__ABOUT THIS TASK__
Set down every line of the data exactly, skipping the pictures.

__INPUT DATA__
_ _ _

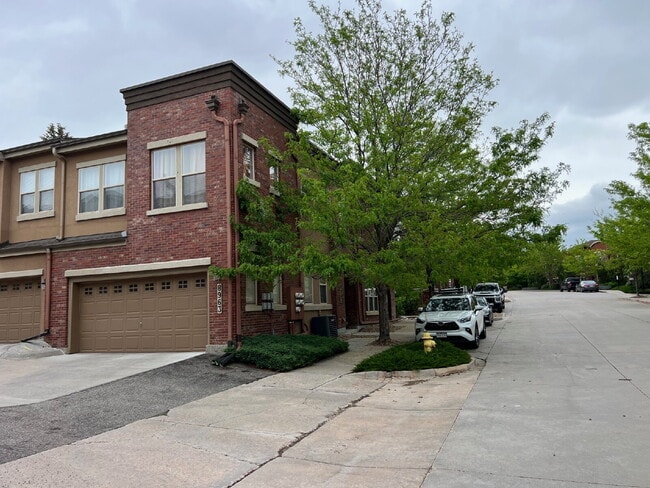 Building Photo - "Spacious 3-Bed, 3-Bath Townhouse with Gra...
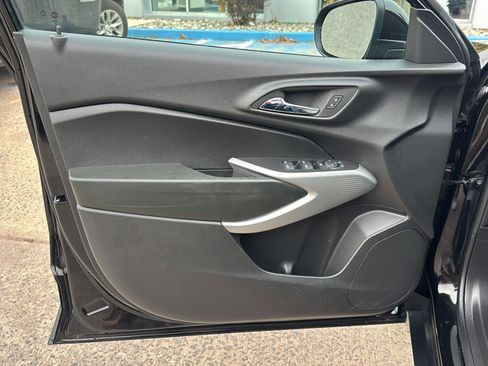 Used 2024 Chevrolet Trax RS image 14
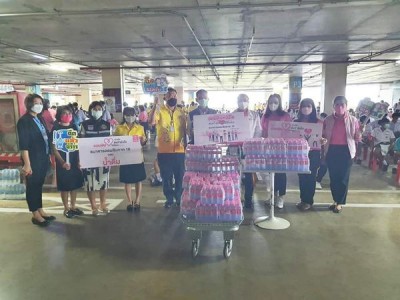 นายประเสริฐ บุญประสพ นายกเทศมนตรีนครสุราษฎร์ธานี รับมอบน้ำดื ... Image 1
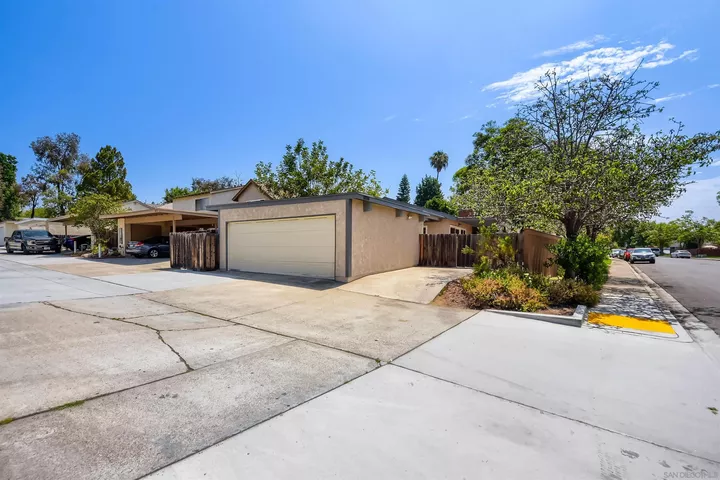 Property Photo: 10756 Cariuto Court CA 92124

_ _ _

__RESULT__
 Building Photo - "Spacious 3-Bed, 3-Bath Townhouse with Gra...
 Used 2024 Chevrolet Trax RS image 14
 นายประเสริฐ บุญประสพ นายกเทศมนตรีนครสุราษฎร์ธานี รับมอบน้ำดื ... Image 1
 Property Photo: 10756 Cariuto Court CA 92124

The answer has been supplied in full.